| What you have to do |
Reproduce, exactly and only, the lines of the data that follows from the one containing "40KL水处理厂40kl-w" down to the one containing "Ronstan drótkötél csiga", without pictures.

| Given records |
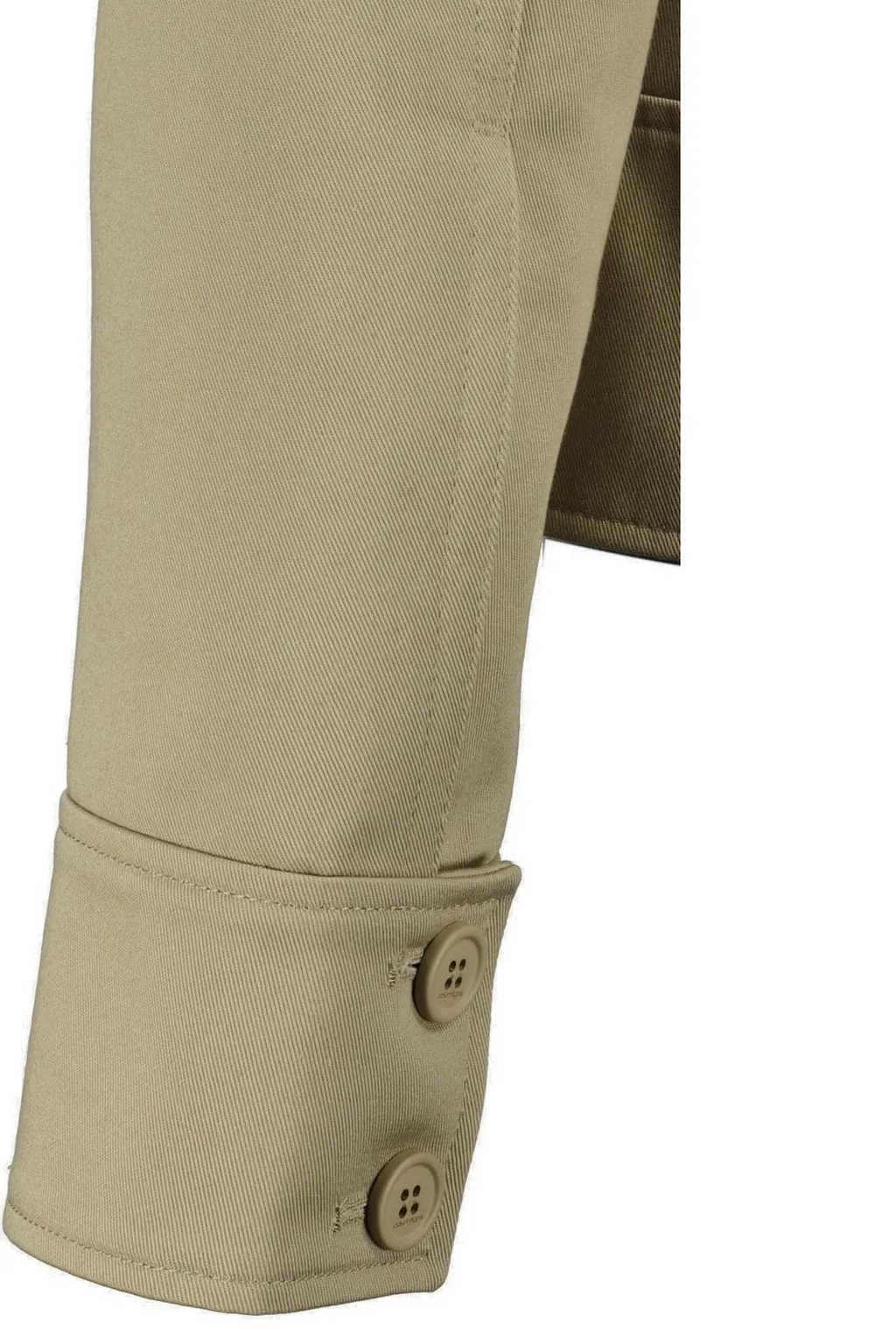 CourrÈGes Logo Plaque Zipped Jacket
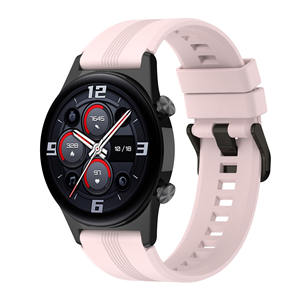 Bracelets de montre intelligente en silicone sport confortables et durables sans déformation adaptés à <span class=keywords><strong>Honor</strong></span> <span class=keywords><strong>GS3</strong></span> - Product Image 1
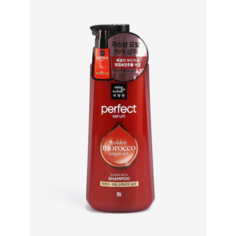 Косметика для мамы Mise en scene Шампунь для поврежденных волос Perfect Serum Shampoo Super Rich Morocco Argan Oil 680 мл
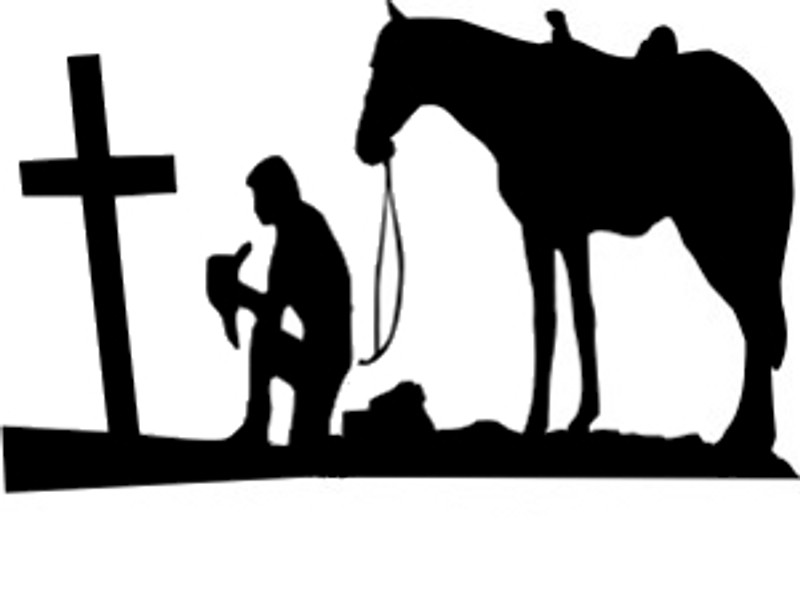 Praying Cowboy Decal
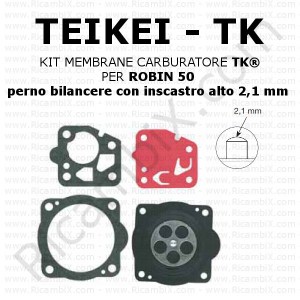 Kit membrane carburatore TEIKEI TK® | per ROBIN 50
---
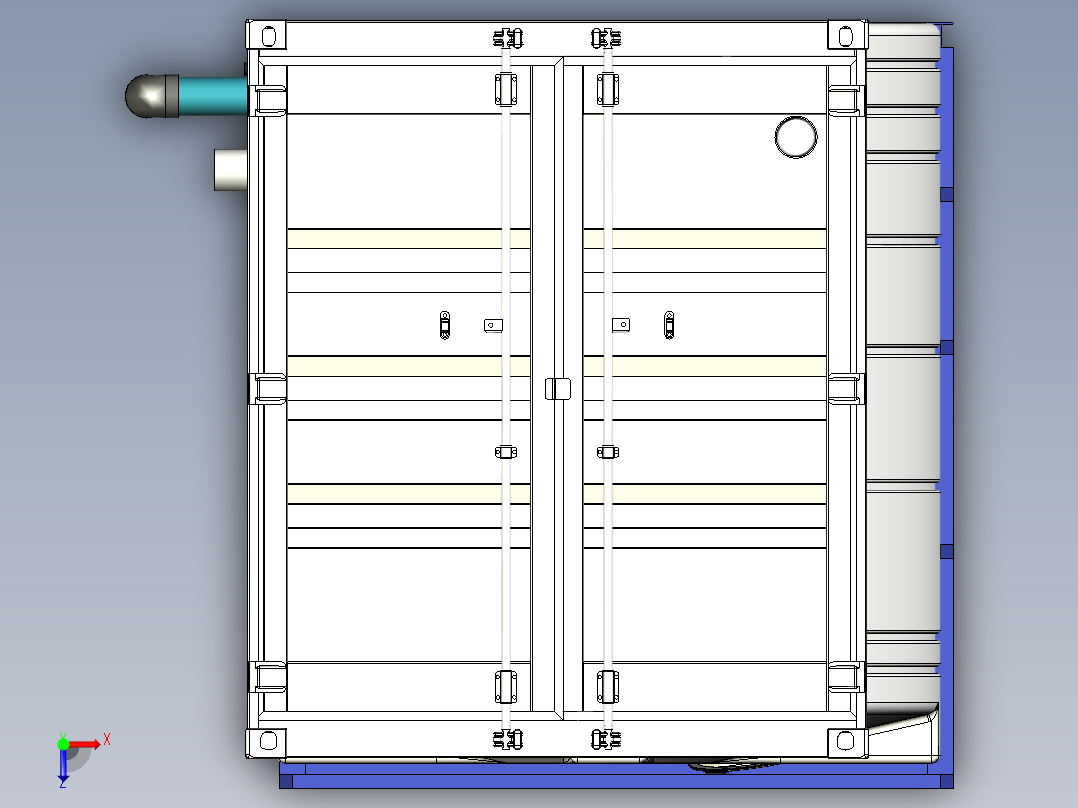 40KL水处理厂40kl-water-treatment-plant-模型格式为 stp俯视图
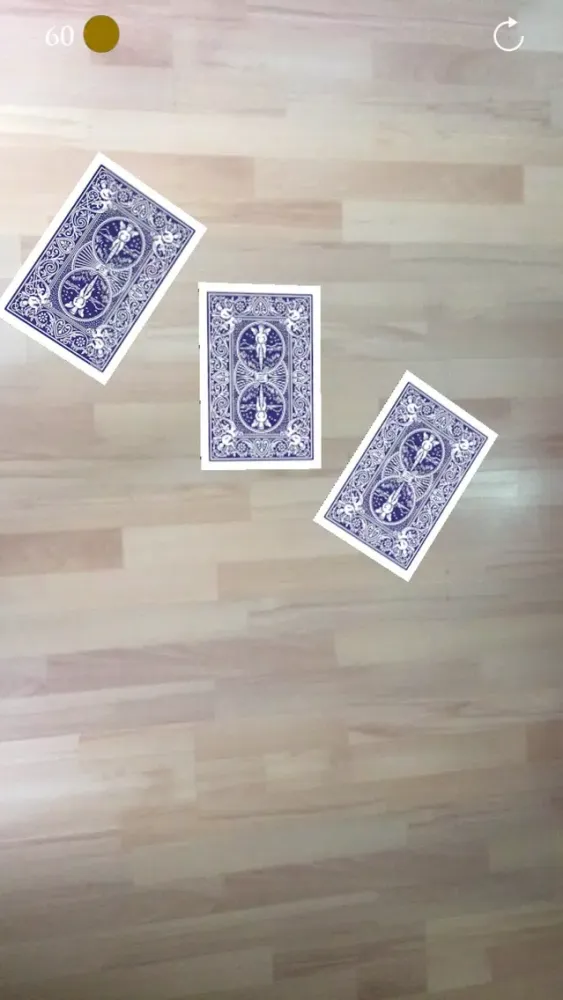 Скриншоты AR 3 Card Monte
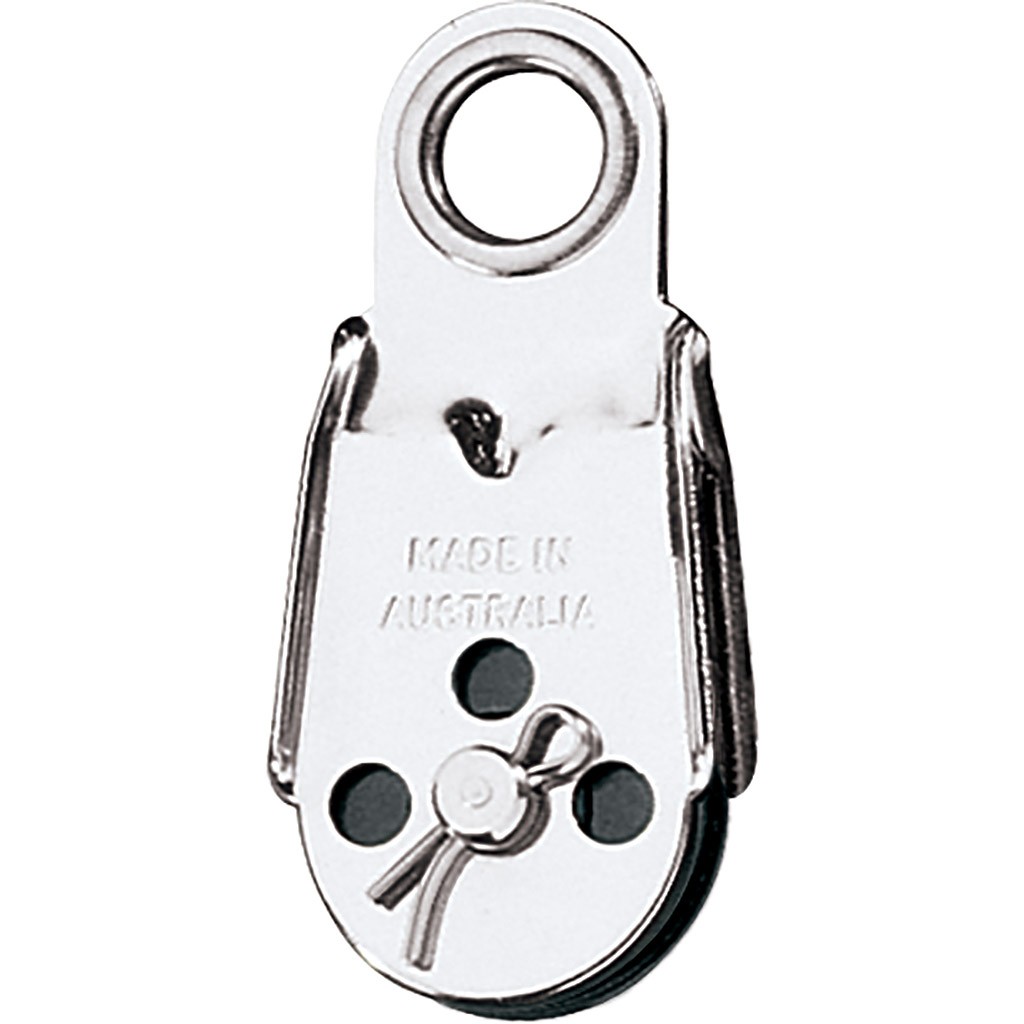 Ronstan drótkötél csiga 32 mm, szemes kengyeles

| Completed exercise |
 40KL水处理厂40kl-water-treatment-plant-模型格式为 stp俯视图
 Скриншоты AR 3 Card Monte
 Ronstan drótkötél csiga 32 mm, szemes kengyeles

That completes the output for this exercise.